▶ [WHAT THE TASK ASKS] Return the lines below in which the string "Whey" occurs.

▶ [DATA EXTRACT]
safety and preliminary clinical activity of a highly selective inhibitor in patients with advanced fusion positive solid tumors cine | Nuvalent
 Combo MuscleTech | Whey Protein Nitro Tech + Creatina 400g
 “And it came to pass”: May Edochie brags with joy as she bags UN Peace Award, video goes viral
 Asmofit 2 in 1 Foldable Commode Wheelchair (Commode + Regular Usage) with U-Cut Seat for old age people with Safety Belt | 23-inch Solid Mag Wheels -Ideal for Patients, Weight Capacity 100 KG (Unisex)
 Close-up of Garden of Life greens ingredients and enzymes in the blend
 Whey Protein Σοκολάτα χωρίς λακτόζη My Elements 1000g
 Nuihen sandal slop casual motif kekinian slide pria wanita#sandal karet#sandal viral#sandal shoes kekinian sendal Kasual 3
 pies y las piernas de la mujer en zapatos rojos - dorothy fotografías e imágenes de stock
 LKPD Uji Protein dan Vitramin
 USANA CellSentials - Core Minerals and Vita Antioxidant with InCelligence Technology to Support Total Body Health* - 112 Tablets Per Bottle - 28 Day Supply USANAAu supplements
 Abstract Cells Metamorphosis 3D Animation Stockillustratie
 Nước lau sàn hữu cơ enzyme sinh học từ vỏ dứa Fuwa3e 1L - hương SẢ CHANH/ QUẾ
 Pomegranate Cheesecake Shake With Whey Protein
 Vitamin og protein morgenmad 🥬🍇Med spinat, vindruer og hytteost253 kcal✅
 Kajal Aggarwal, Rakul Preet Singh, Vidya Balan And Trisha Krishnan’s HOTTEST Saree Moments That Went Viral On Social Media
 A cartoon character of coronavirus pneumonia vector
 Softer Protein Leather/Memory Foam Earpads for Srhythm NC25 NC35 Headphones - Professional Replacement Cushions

▶ [TASK RESULT]
 Combo MuscleTech | Whey Protein Nitro Tech + Creatina 400g
 Whey Protein Σοκολάτα χωρίς λακτόζη My Elements 1000g
 Pomegranate Cheesecake Shake With Whey Protein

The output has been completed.